WORK ORDER:
Images in the records should be skipped while the rest is transcribed verbatim.

MATERIAL FOR THIS TASK:
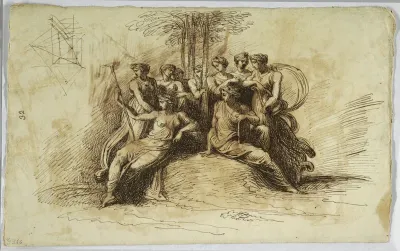 Self Portrait of Felice Giani; recto: Muses Seated Beneath a Tree, late 18th–early 19th century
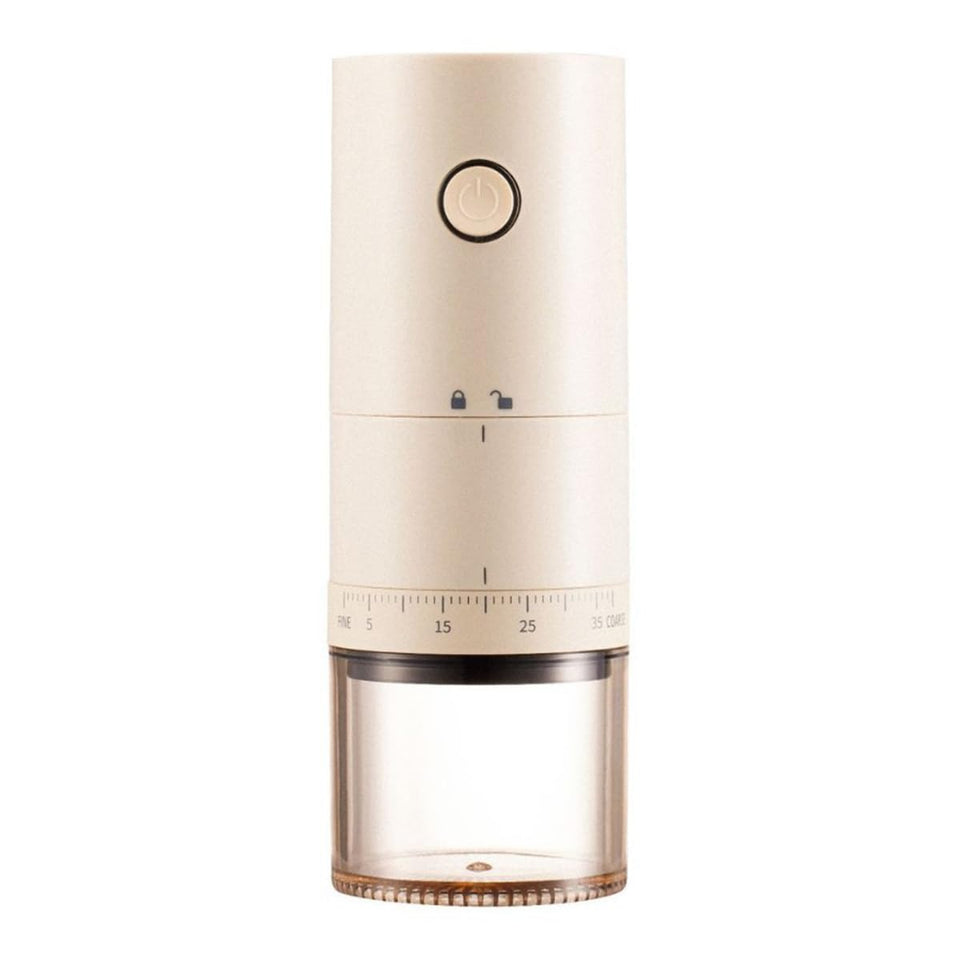 TOBEFORT portable electric burr grinder with external dial for precise grind control.
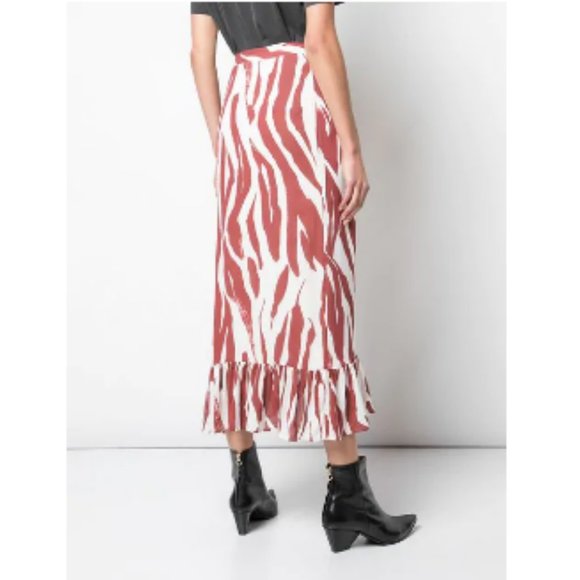 ANINE BING 'Lucky' Zebra Print Ruffled Wrap Skirt L NWT - Picture 9 of 15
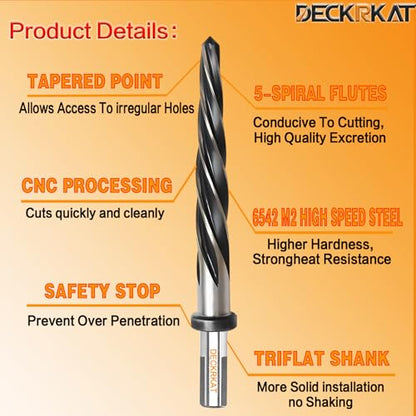 5-Piece 3/8", 1/2", 5/8", 3/4", 1" Reamer Drill Bit for Metal, M2 HSS Taper Reamer for Steel, Alloy, Wood, Plastic to Align, Enlarge Holes – 5-Spiral Flutes, 1/2" Non-Slip Shank, Construction Reamer. - size: 5 Piece Reamer Kit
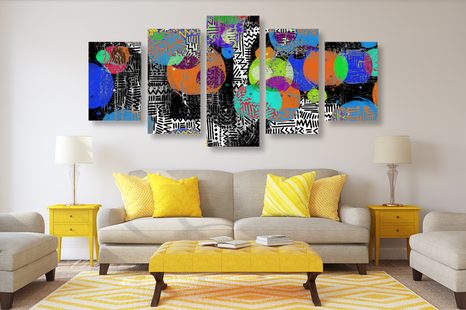 5-DIJELNA SLIKA APSTRAKTNA KOMPOZICIJA - APSTRAKTNE SLIKE - SLIKE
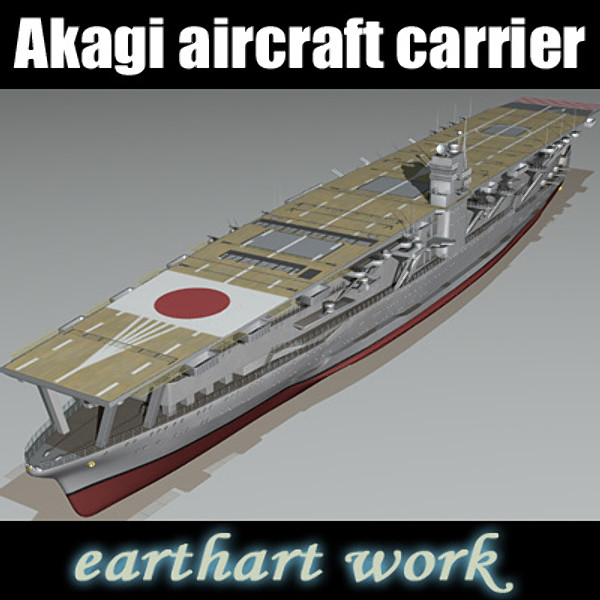 3d model akagi aircraft carrier japanese - Akagi WW2 Japanese aircraft carrier (1935-1942) by earth art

REPLY:
 Self Portrait of Felice Giani; recto: Muses Seated Beneath a Tree, late 18th–early 19th century
 TOBEFORT portable electric burr grinder with external dial for precise grind control.
 ANINE BING 'Lucky' Zebra Print Ruffled Wrap Skirt L NWT - Picture 9 of 15
 5-Piece 3/8", 1/2", 5/8", 3/4", 1" Reamer Drill Bit for Metal, M2 HSS Taper Reamer for Steel, Alloy, Wood, Plastic to Align, Enlarge Holes – 5-Spiral Flutes, 1/2" Non-Slip Shank, Construction Reamer. - size: 5 Piece Reamer Kit
 5-DIJELNA SLIKA APSTRAKTNA KOMPOZICIJA - APSTRAKTNE SLIKE - SLIKE
 3d model akagi aircraft carrier japanese - Akagi WW2 Japanese aircraft carrier (1935-1942) by earth art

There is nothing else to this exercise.